Cet amendement vise à créer la possibilité d’une action de groupe.
Les actions de groupe, ou class actions, permettent à un grand nombre de personnes d’engager ensemble une seule procédure en justice afin d’obtenir réparation d’un préjudice. Cette procédure a déjà été introduite dans le domaine de la santé en Angleterre, aux Pays-Bas, au Portugal et en Suède.
En 2010, Laurent Béteille et Richard Yung ont rédigé, au nom de la commission des lois du Sénat, un rapport d’information intitulé L’action de groupe à la française : parachever la protection des consommateurs, qui excluait toute action de groupe dans le domaine de la santé, et ce pour deux raisons majeures.
La première tenait à la nature du préjudice : les dommages dans le domaine sanitaire traitent d’une évaluation individuelle précise ne correspondant pas au modèle de l’action de groupe.
La deuxième raison tenait à l’existence d’un dispositif d’indemnisation spécifique, l’Office national d’indemnisation des accidents médicaux, l’ONIAM.
Les limites de ce dispositif, liées au règlement exclusivement à l’amiable des indemnités et des cas spécifiques dont l’ONIAM pouvait être saisi, nous conduisent à vous proposer une procédure d’action de groupe adaptée au domaine de la santé.

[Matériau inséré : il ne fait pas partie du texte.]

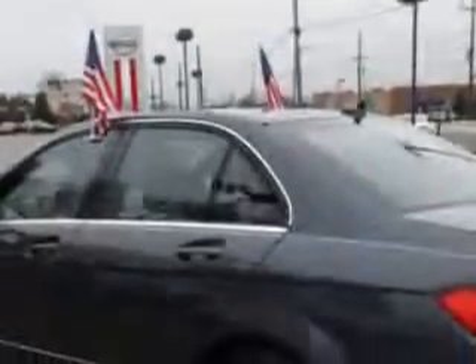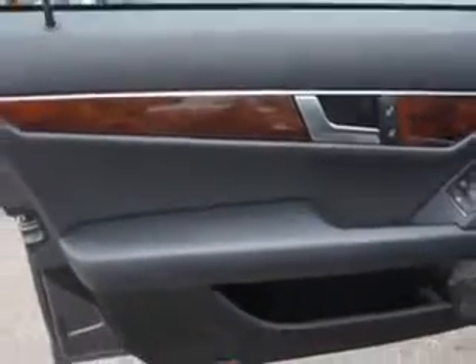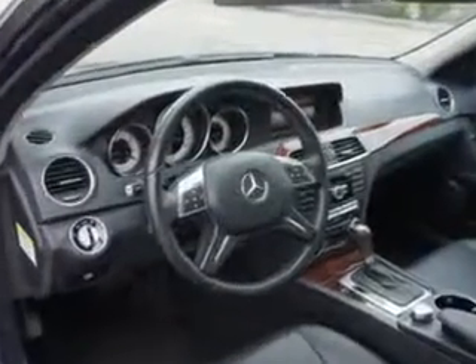Power windows, exterior mirrors heated, daytime running lights, sunroof tilt slide, and much more. Enjoy the drive and have peace of mind in this 2013 Mercedes-Benz C-Class. See us at Edison Nissan today.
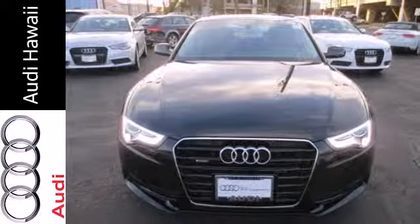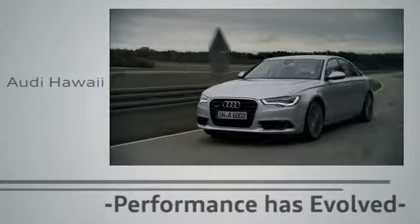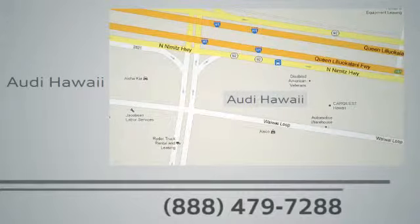Check it out today. Performance has evolved. Experience the performance of an Audi today at Audi Hawaii. We're conveniently located at 2770 Waiwai Loop, Honolulu.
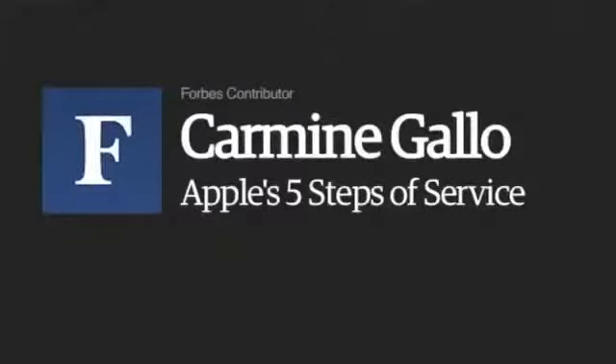This Apple retail store in Palo Alto, California is one of more than 360 Apple stores around the world. The Apple store is, of course, one of the most profitable stores in America. The average store attracts some 20,000 visitors every week.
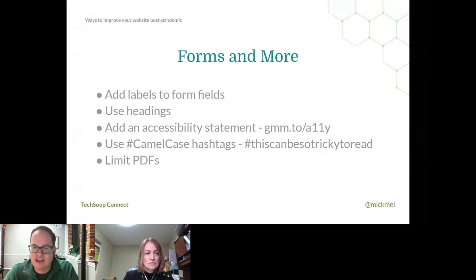Always use camel case hashtags — that's where you capitalize the first letter of each word in the hashtag. This is a huge problem on social media because a screen reader will read a hashtag as a single word if there's no camel case. On Instagram, Facebook, wherever you have hashtags, just put capital letters throughout to make it easier for everyone to read. It might not look as cool, but most screen readers will read it properly if you capitalize each word.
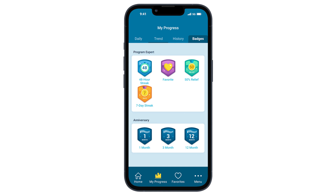The last tab you'll see is your Badges. This great feature illustrates all the badges you have earned. Badges are earned when you achieve goals such as completing assessments, achieving pain relief, or creating your favorite programs.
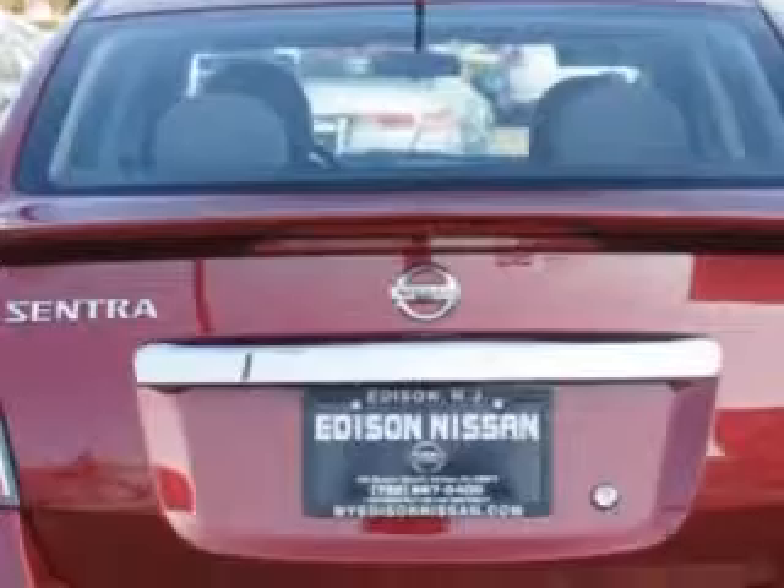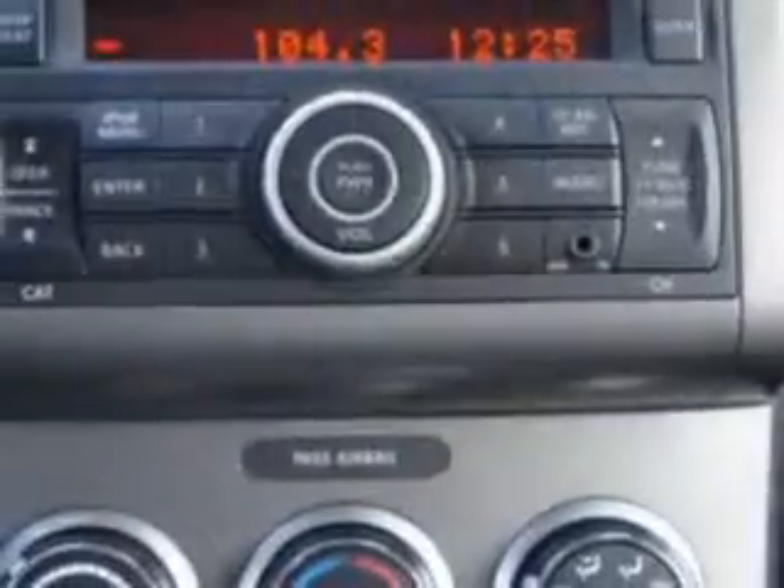Enjoy an exceptional 34 miles to the gallon on this great car with features like remote-powered door locks, steering wheel radio controls, keyless entry, auxiliary audio input, rear spoiler, and much more. Enjoy the drive and have peace of mind in this 2012 Nissan Sentra.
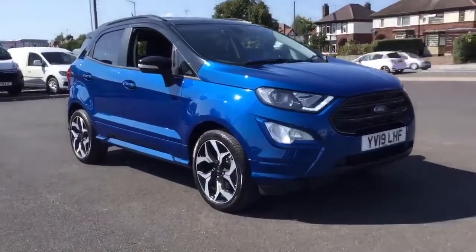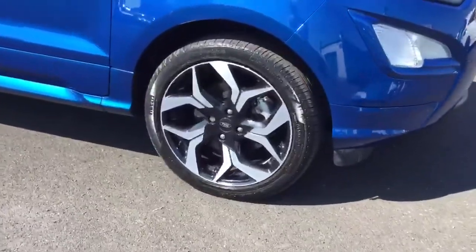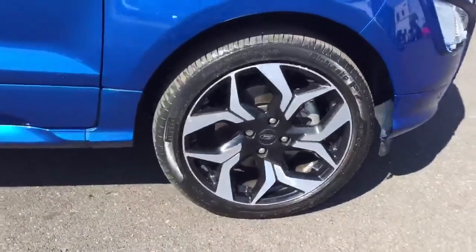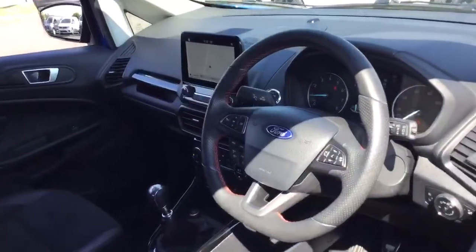Here at Pentagon Motor Group we offer the very best used vehicles for hard to beat prices. All of our used vehicles are carefully selected and prepared to a high standard and come with a minimum 12-month warranty for complete peace of mind.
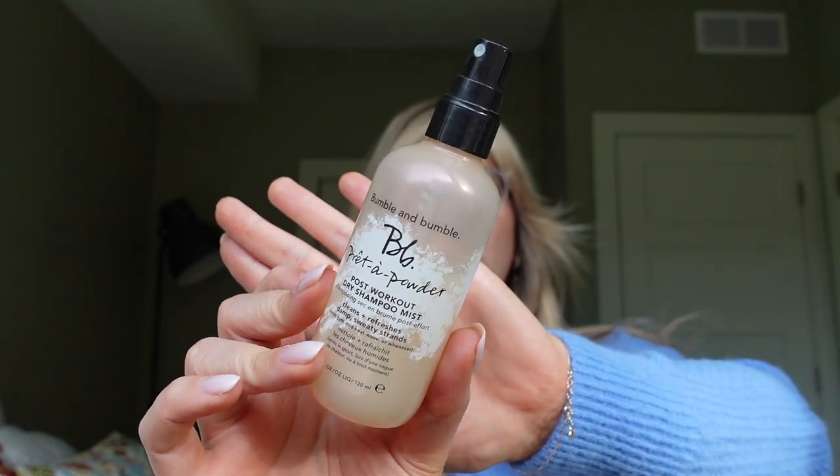Almost forgot dry shampoo. As someone who works out a lot and gets very sweaty, after my workout I take my hair down and let it air dry or blow dry. Before that, I use this Bumble and Bumble post-workout dry shampoo — you spray it on the wet parts and as it dries it helps revive your hair. For dry shampoo I also love Briogeo — it's a Black-owned company and their products are beautiful. It's not aerosol, you squeeze it on. I also like Batiste, the original one in the blue bottle from Target — a bit more affordable.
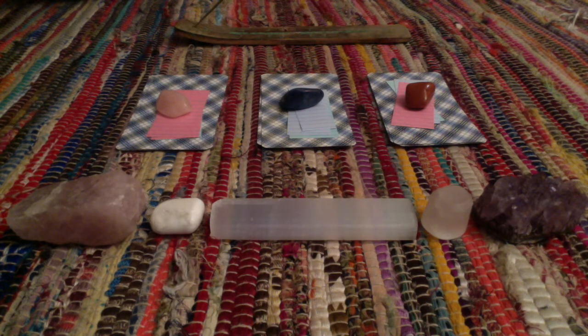This is a general reading and it's not going to be 100% on target for everybody. With that being said, let's jump right into it. I should have the time stamps below in the description box, so after your intuition has guided you to whichever pile you like, make sure to check the description box so you can jump straight to your message.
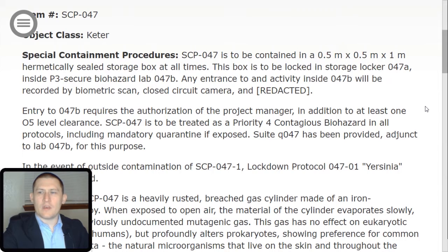Item number SCP-047. Object Class: Keter. Special Containment Procedures. SCP-047 is to be contained in a 0.5 meter by 0.5 meter by 1 meter hermetically sealed storage box at all times. This box is to be locked in Storage Locker 047-Alpha inside P3 Secure Biohazard Lab 047-B.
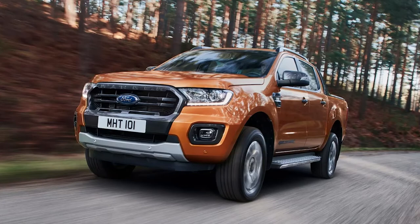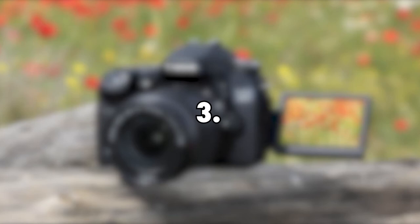2. Ford Ranger Truck, $3,000. Project Farm has been spotted with a Ford Ranger truck on his channel while demonstrating certain products. We can estimate that this truck has a value of $3,000.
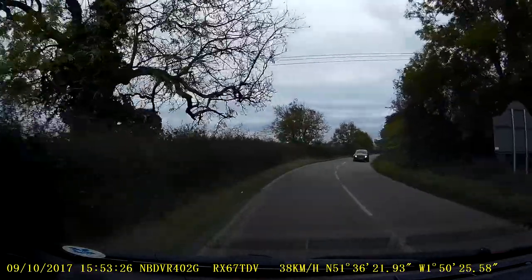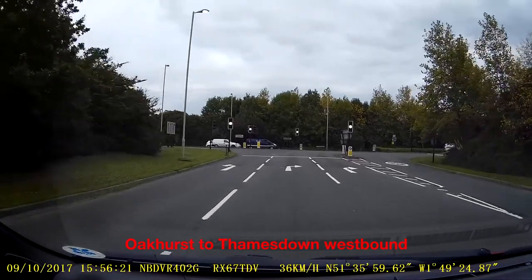No man's land. Sign positioning doesn't necessarily follow the rear border as it follows the river.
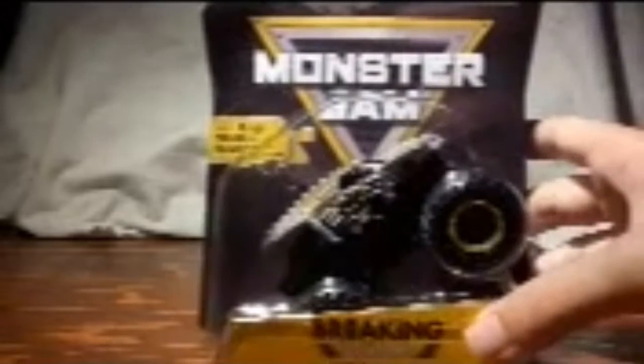Hey everybody, welcome to another unboxing review. So this is not the GreyDigger 25th anniversary yet — the post office is a little backed up because the seller told me about the shipment on eBay. But at the Target I went to, I found one of the trucks from Breaking World Records Series 2: the Maxine Breaking World Records.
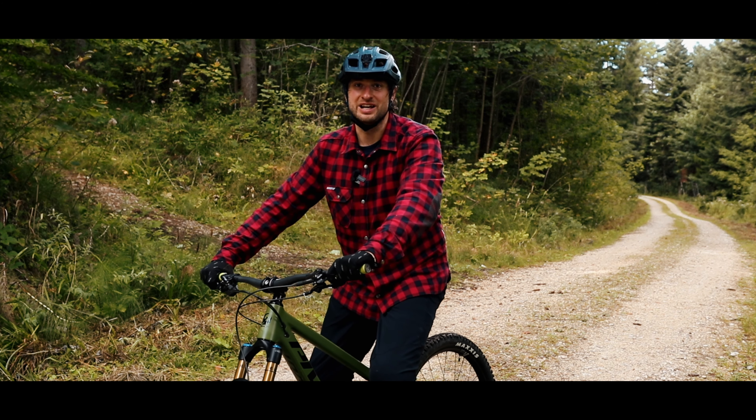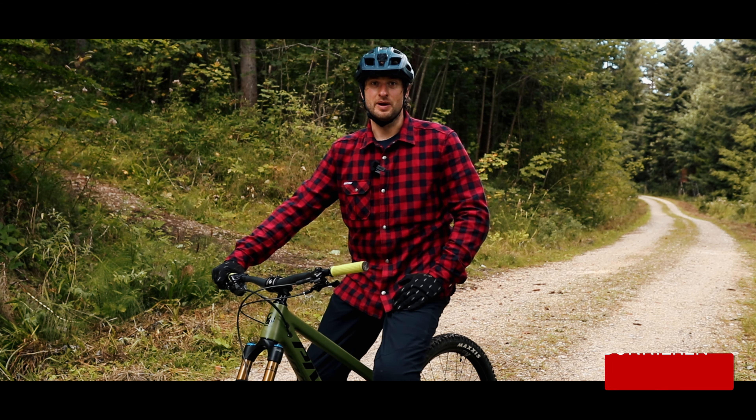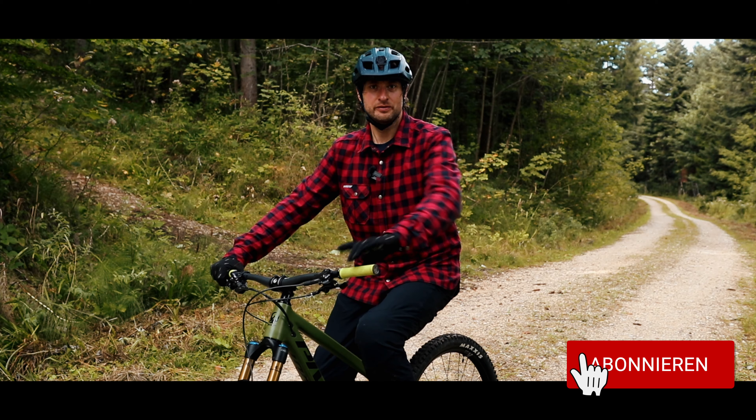Hallo und herzlich willkommen zu Trail Sammler. Lange habe ich euch auf die Folter gespannt, aber heute ist es soweit. Es ist New Bike Day und ohne große Umwege stelle ich euch nun dieses Bike vor. Viel Spaß dabei.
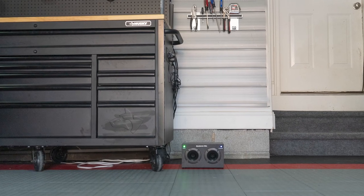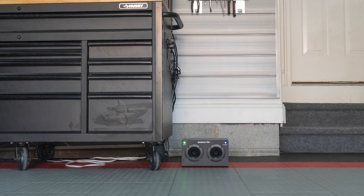Hi, it's Matt again from Mouse Blocker, introducing our new garage space rodent deterrent, the Mouse Blocker 1000. The Mouse Blocker 1000 gets its name because it's designed to protect up to 1,000 square feet. It's perfect for a one or two car garage.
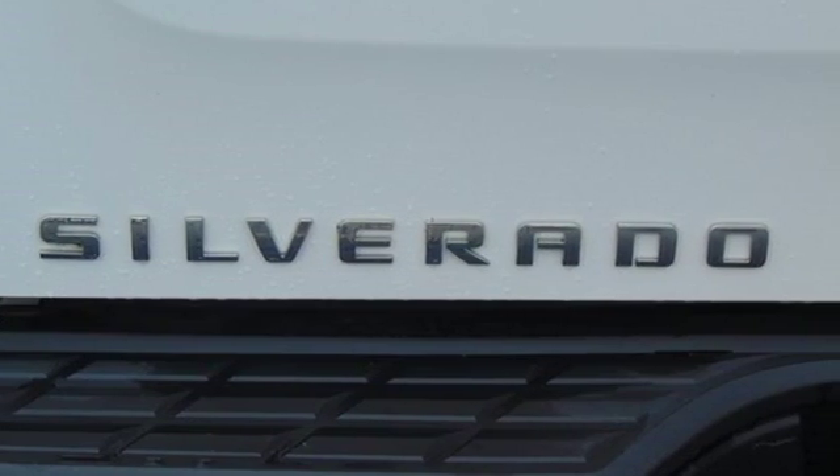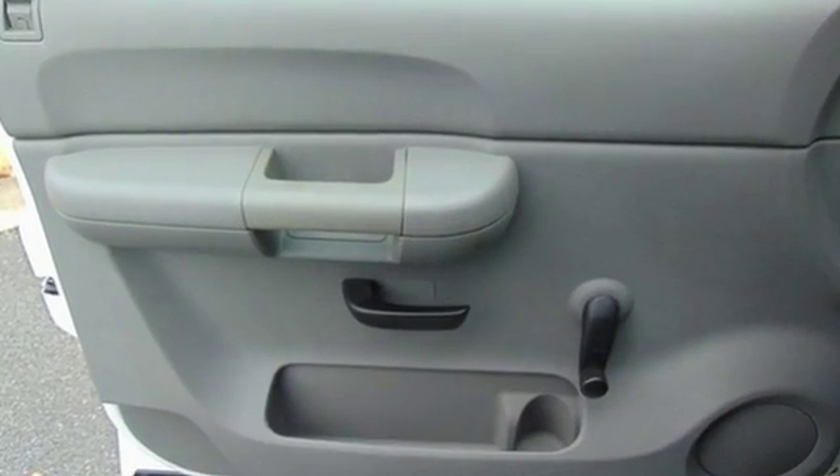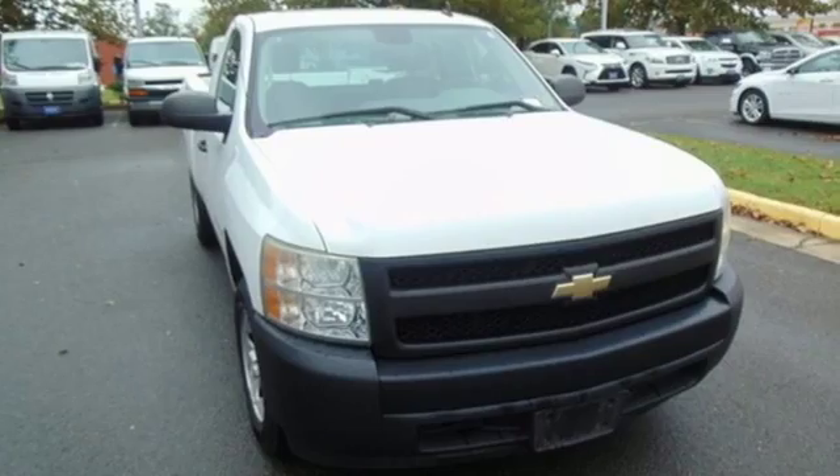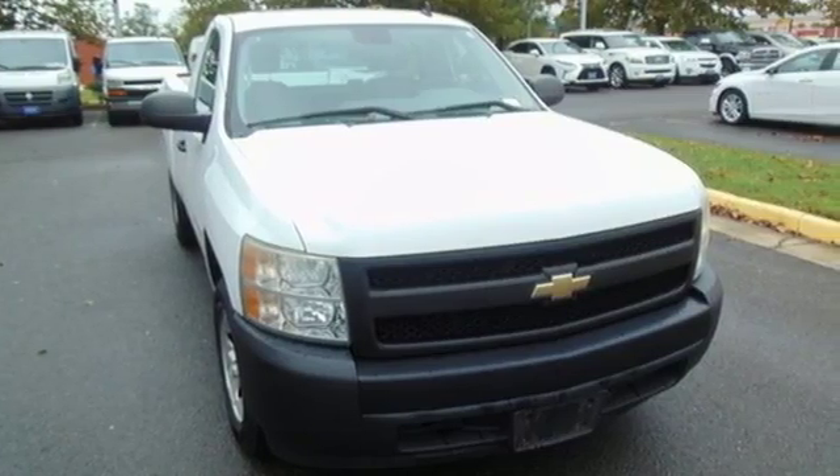In a Chevy, the journey matters more than the destination. They say a journey begins with one step — in this case, it begins with a test drive. Start your next adventure today.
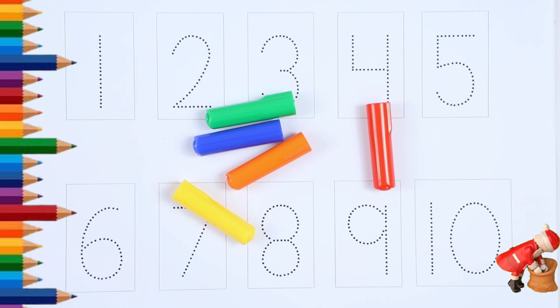Hello Friends! Today we will learn Number 1 to 10 with some Colors.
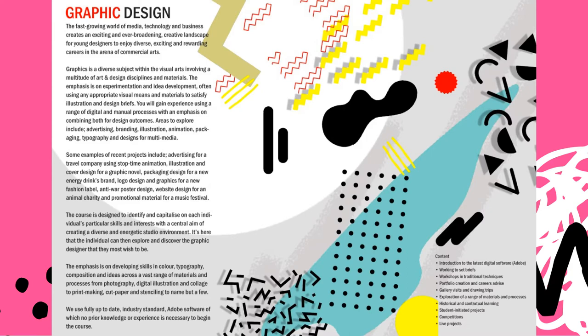So what is graphics exactly, and what does the course look like here at East Norfolk? The fast growing world of media, technology and business creates an exciting and ever broadening creative landscape for young designers to enjoy diverse, exciting and rewarding careers in the arena of commercial arts. Graphics is a diverse subject within the visual arts involving a multitude of art and design disciplines and materials. The emphasis is on experimentation and idea development, often using any appropriate visual means and materials to satisfy illustration and design briefs. You will gain experience using a range of digital and manual processes with an emphasis on combining both for design outcomes.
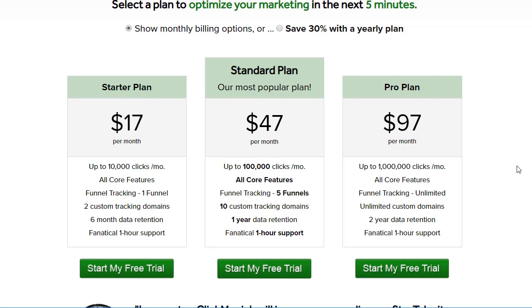Last but not least is the pro plan, where if you're doing a lot of volume — probably with a solo ad seller or you're a solo ad seller — it's up to a million clicks a month, which is a good amount. You get all the core features plus unlimited funnel tracking, unlimited custom domains, unlimited data retention, and of course the support, which is for everyone.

Celle-ci prévoit l’intervention de l’évaluation individuelle et de l’indemnisation du préjudice dans la seconde phase de la procédure, une fois, le cas échéant, l’entreprise reconnue responsable du lien de cause à effet.
Toutes les raisons sont donc réunies pour que cet amendement recueille le même consensus que le rapport de MM. Béteille et Yung.
L’affaire du Mediator a permis de mesurer à quel point les victimes sanitaires étaient démunies face à de grands groupes industriels disposant des capacités économiques et judiciaires de retarder les procédures et d’imposer aux victimes un véritable parcours du combattant. Celles-ci doivent ainsi mener individuellement une action en justice, tout en supportant les coûts et la durée des procédures, et sans être assurées, pour autant, d’obtenir gain de cause. Or, après dix ou quinze ans de combat judiciaire, il est parfois trop tard pour les victimes.
De plus, une action de groupe offre un traitement égal aux différentes victimes de drames sanitaires.
La surmédiatisation du Mediator ne doit pas faire oublier d’autres drames sanitaires, qui ne bénéficient pas du même traitement médiatique. Je pense aux victimes du distilbène, administré en masse jusque dans les années quatre-vingt aux femmes enceintes, et dont les effets ont rejailli sur trois générations.
Le montant des indemnités diffère tout autant.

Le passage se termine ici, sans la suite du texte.